What the task asks: Look for the word "para" in the entries and copy every line where it shows up.

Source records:
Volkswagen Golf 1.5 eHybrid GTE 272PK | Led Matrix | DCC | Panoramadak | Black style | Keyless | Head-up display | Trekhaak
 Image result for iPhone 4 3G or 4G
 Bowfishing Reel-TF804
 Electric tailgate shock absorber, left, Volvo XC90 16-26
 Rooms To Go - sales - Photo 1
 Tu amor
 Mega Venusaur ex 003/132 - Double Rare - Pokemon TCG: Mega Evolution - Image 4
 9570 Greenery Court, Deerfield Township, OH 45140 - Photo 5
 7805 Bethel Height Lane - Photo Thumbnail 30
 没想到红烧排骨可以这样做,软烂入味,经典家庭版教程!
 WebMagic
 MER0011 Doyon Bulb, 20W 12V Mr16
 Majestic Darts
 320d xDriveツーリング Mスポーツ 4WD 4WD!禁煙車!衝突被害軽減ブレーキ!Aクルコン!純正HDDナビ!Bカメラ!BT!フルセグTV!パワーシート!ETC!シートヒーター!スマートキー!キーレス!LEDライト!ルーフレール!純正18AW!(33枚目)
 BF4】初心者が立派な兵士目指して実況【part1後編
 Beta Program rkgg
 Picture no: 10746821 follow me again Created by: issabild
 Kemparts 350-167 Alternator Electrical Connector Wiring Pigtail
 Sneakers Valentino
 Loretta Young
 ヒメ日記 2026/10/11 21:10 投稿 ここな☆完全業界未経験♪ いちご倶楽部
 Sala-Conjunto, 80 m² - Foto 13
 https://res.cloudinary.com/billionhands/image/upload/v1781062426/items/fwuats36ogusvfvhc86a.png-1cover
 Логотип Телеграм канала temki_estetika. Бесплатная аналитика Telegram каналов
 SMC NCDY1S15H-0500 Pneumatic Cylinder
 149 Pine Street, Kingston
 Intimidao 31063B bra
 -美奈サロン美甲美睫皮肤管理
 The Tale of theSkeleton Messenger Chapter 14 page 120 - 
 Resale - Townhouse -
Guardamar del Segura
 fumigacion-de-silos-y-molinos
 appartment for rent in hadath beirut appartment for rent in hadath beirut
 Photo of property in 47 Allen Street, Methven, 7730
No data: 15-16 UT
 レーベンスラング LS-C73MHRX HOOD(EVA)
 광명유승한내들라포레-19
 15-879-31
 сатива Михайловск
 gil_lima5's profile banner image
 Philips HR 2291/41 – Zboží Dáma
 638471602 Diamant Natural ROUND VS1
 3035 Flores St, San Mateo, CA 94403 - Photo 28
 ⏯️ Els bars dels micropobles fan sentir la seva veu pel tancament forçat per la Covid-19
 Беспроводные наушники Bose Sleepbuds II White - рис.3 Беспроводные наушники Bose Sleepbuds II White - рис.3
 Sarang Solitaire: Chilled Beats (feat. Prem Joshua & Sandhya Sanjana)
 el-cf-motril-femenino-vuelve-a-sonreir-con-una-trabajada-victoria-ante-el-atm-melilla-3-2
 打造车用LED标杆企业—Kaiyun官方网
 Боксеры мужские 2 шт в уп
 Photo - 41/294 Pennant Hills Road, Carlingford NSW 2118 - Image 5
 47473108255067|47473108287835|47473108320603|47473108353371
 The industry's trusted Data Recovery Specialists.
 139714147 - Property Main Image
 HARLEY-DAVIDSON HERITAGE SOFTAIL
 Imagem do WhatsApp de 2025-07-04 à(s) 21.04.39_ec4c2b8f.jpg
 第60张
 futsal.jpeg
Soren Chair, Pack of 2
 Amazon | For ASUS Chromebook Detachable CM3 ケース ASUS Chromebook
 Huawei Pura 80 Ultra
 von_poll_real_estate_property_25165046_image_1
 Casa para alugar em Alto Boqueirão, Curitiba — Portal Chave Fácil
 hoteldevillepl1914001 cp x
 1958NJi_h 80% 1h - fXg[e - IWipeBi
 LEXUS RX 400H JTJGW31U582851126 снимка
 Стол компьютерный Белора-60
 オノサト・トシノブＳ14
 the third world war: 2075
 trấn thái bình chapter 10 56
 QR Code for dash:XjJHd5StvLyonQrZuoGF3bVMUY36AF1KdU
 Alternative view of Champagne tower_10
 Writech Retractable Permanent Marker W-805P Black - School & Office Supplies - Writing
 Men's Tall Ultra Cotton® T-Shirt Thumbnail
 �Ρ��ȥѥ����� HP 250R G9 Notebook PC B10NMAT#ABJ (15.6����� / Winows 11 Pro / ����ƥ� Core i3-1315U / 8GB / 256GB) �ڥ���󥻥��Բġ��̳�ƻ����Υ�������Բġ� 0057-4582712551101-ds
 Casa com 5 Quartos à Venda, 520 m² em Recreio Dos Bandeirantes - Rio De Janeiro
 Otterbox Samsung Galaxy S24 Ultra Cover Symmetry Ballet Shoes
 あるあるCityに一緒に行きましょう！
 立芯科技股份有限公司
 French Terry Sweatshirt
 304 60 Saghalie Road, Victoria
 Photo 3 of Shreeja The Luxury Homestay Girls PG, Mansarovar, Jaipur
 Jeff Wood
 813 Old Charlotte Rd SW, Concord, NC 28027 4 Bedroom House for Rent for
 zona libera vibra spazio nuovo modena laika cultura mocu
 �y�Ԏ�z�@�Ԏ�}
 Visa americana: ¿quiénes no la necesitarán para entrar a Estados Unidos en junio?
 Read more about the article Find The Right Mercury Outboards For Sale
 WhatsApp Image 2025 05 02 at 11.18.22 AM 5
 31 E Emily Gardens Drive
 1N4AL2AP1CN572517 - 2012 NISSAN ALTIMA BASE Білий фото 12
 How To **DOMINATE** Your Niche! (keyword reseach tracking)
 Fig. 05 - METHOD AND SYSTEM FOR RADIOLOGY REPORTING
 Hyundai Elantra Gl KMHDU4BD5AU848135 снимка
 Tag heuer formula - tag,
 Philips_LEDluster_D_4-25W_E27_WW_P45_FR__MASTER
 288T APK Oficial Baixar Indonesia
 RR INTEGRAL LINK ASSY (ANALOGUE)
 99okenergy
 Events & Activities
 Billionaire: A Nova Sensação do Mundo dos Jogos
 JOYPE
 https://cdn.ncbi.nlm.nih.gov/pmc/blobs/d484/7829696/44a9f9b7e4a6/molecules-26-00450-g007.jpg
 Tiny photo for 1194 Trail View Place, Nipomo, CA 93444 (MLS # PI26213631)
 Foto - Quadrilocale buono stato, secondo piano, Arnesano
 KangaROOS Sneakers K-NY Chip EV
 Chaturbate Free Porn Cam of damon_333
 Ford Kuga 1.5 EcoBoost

Result for this exercise:
 Casa para alugar em Alto Boqueirão, Curitiba — Portal Chave Fácil
 Visa americana: ¿quiénes no la necesitarán para entrar a Estados Unidos en junio?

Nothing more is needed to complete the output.